(EXERCISE MATERIAL begins)
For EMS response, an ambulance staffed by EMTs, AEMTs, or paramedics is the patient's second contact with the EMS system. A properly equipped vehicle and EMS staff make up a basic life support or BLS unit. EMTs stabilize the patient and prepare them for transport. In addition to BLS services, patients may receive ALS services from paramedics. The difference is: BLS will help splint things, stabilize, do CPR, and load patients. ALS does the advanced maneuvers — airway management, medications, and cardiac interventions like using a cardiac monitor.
(EXERCISE MATERIAL ends)
(EXERCISE MATERIAL begins)
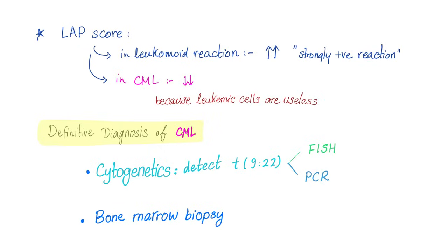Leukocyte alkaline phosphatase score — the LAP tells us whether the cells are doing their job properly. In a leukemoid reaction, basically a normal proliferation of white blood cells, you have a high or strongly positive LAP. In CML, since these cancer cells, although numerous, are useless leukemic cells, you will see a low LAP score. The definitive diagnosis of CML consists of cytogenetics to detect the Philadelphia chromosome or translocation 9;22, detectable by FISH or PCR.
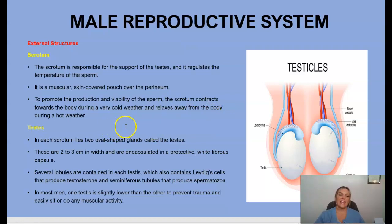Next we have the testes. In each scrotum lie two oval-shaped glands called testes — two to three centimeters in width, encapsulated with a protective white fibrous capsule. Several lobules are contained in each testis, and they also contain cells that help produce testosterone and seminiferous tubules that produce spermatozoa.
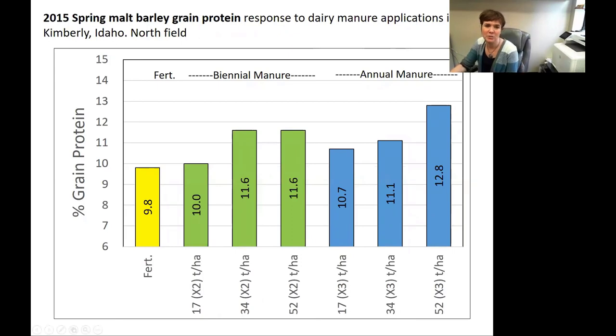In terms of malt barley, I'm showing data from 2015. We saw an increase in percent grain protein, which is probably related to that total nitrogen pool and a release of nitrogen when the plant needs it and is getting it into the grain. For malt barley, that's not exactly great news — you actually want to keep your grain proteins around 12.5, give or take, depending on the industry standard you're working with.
(EXERCISE MATERIAL ends)
# WHAT TO PRODUCE
Your task is to copy only the lines above starting at the one containing "Leukocyte alkaline phosphatase" and ending at the one containing "In terms of". Copy them exactly, both ends included, and omit the pictures.

# ANSWER TO THIS PROBLEM
Leukocyte alkaline phosphatase score — the LAP tells us whether the cells are doing their job properly. In a leukemoid reaction, basically a normal proliferation of white blood cells, you have a high or strongly positive LAP. In CML, since these cancer cells, although numerous, are useless leukemic cells, you will see a low LAP score. The definitive diagnosis of CML consists of cytogenetics to detect the Philadelphia chromosome or translocation 9;22, detectable by FISH or PCR.
Next we have the testes. In each scrotum lie two oval-shaped glands called testes — two to three centimeters in width, encapsulated with a protective white fibrous capsule. Several lobules are contained in each testis, and they also contain cells that help produce testosterone and seminiferous tubules that produce spermatozoa.
In terms of malt barley, I'm showing data from 2015. We saw an increase in percent grain protein, which is probably related to that total nitrogen pool and a release of nitrogen when the plant needs it and is getting it into the grain. For malt barley, that's not exactly great news — you actually want to keep your grain proteins around 12.5, give or take, depending on the industry standard you're working with.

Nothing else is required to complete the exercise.